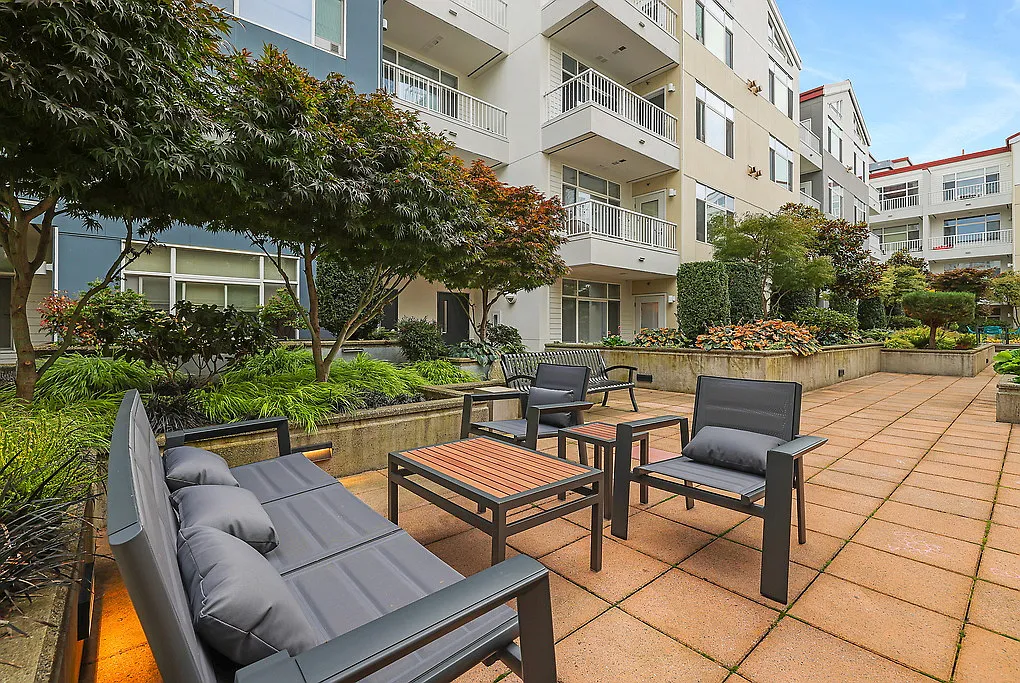 Courtyard Off Main — Photo 2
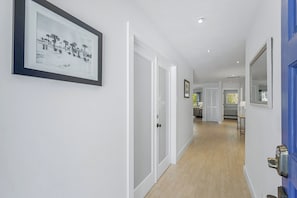 Interior - Lovely 3 bedroom Pool Hideout! (Naples)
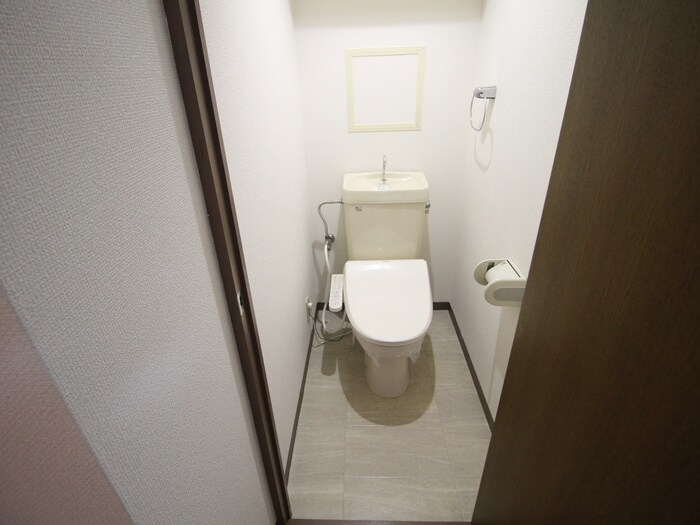 物件内観写真13　(トイレ)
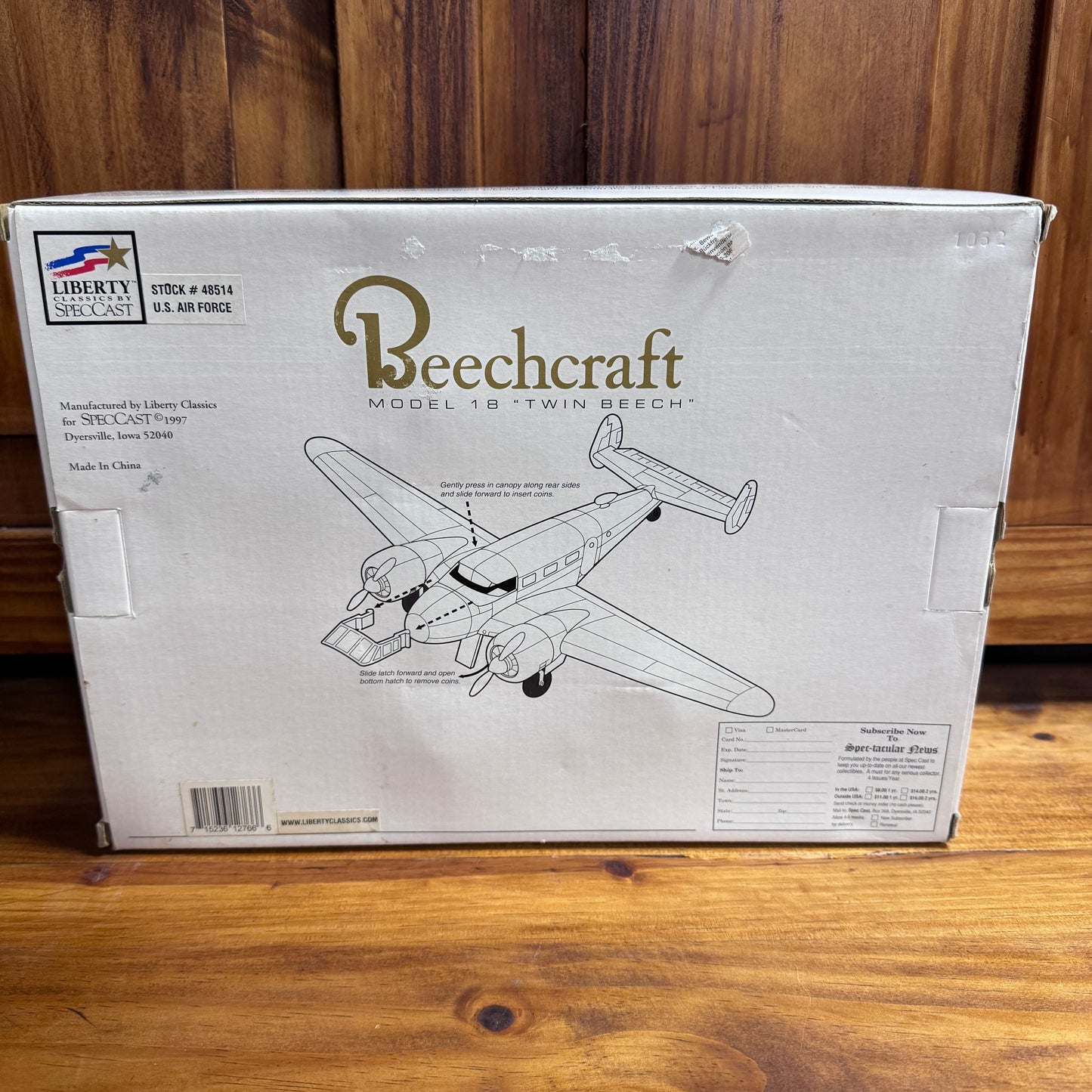 Beechcraft Twin Beech Model Plane   4/27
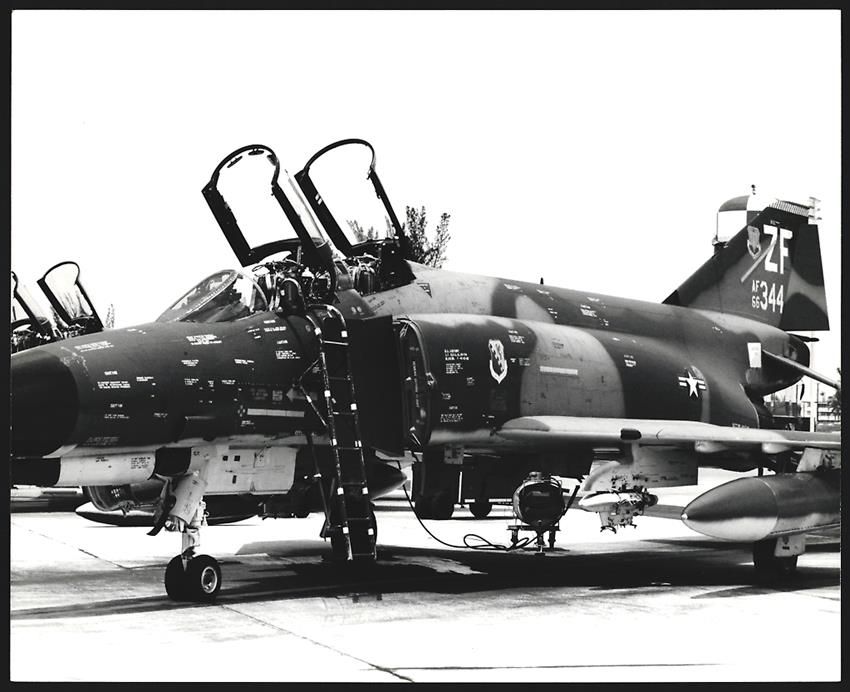 Fotografie & Manifesti: Fotografie Flugzeug Douglas F-4 Phantom  – Usato da Berlin venduto da bartko-reher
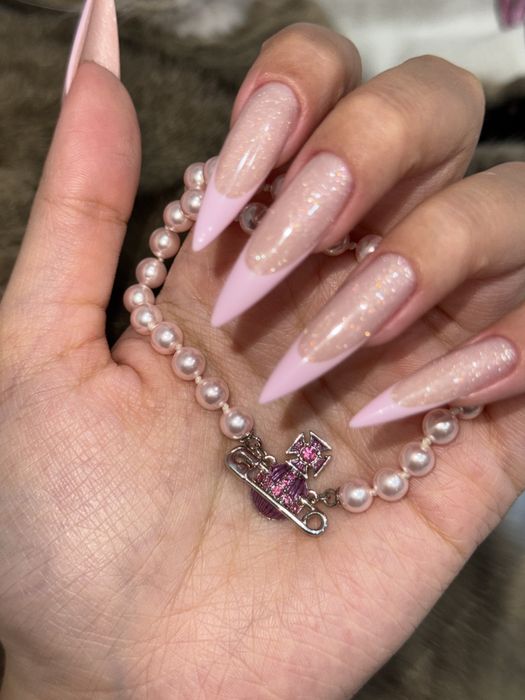 нужны модели на наращивание ногтей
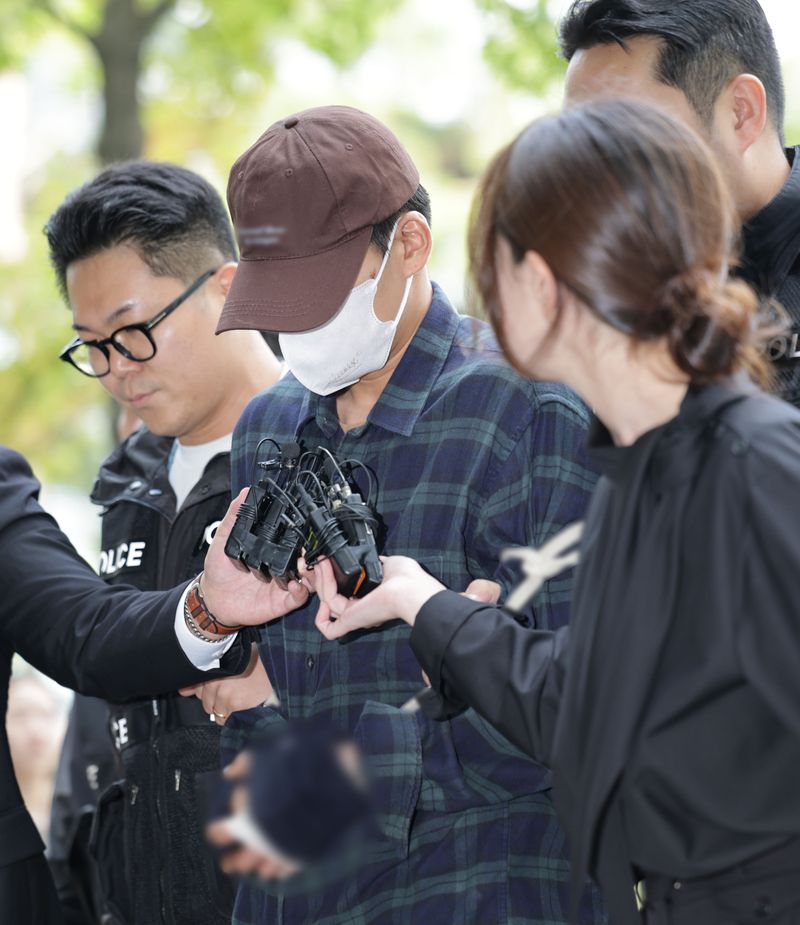 이혼소송 중 장모 살해 및 아내를 차량에 태워 도주한 20대 중반 남성 김모씨가 13일 서울 송파구 서울동부지방법원에서 열린 구속 전 피의자 심문(영장실질심사)에 출석하고 있다. 연합뉴스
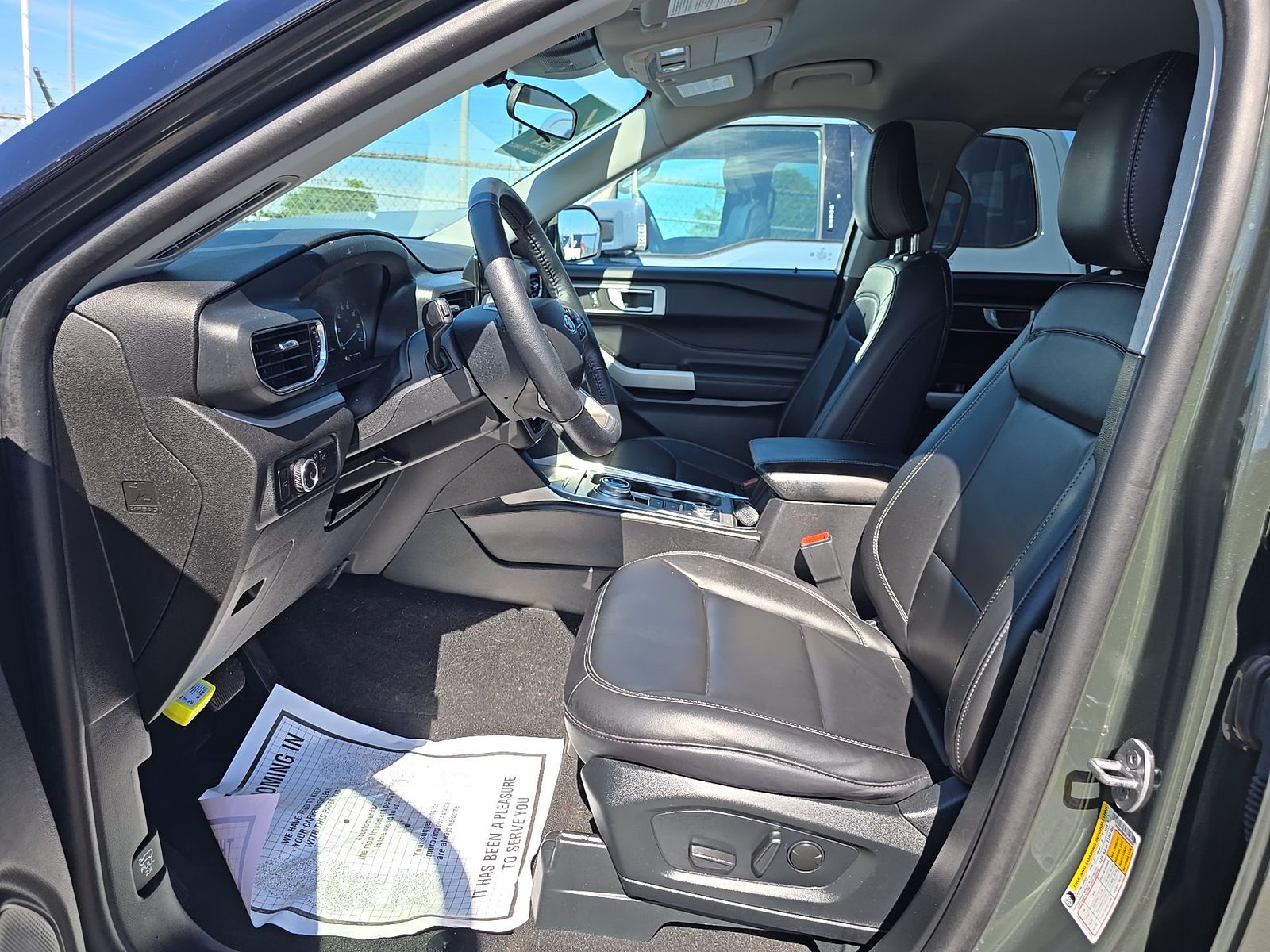 FORD EXPLORER - 8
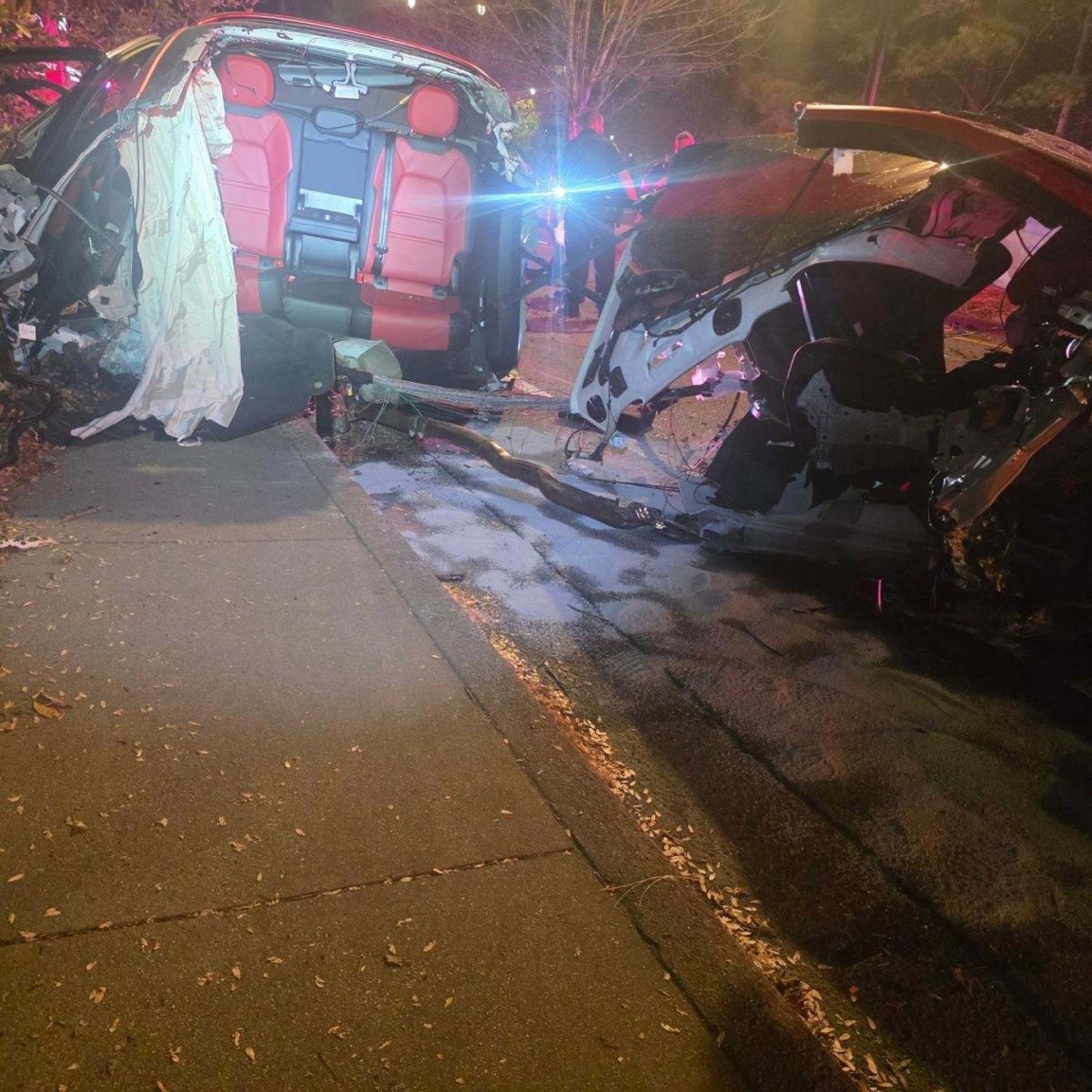 Жахлива ДТП у США: Porsche Cayenne розірвало навпіл, але водій дивом вижив - фото 2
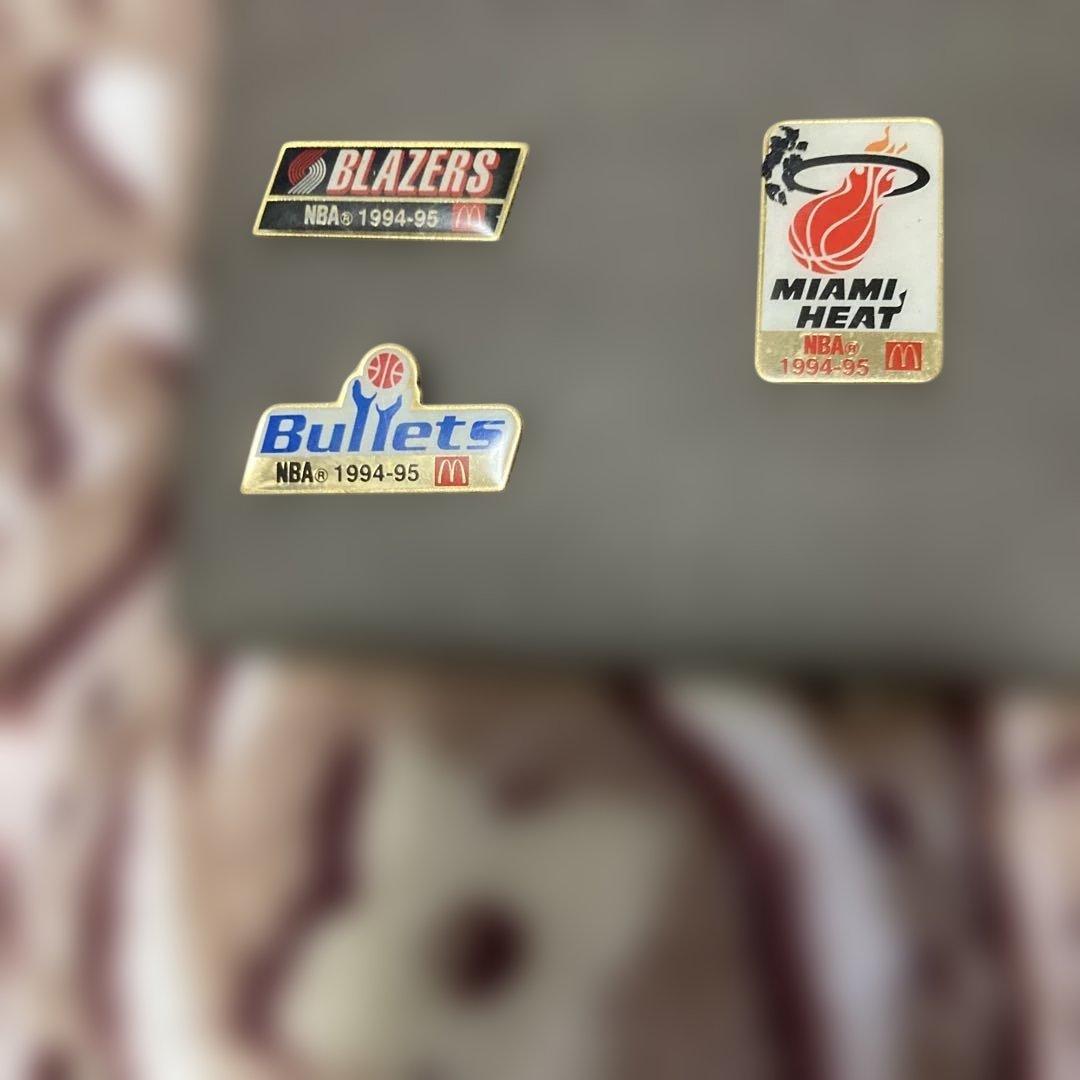 NBA 1994-95 チームロゴピンバッジセット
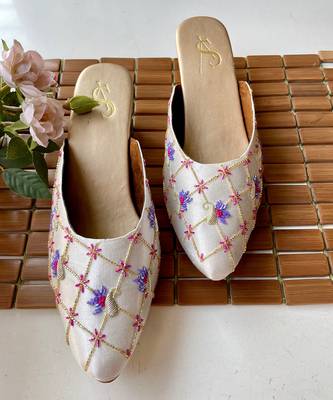 Silver kairi mules 2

■ ■ ■ ■

Output, exactly and with no pictures, every line from the one that contains "FORD EXPLORER - 8" through the final line of the entries.

**ANSWER SECTION:**
 FORD EXPLORER - 8
 Жахлива ДТП у США: Porsche Cayenne розірвало навпіл, але водій дивом вижив - фото 2
 NBA 1994-95 チームロゴピンバッジセット
 Silver kairi mules 2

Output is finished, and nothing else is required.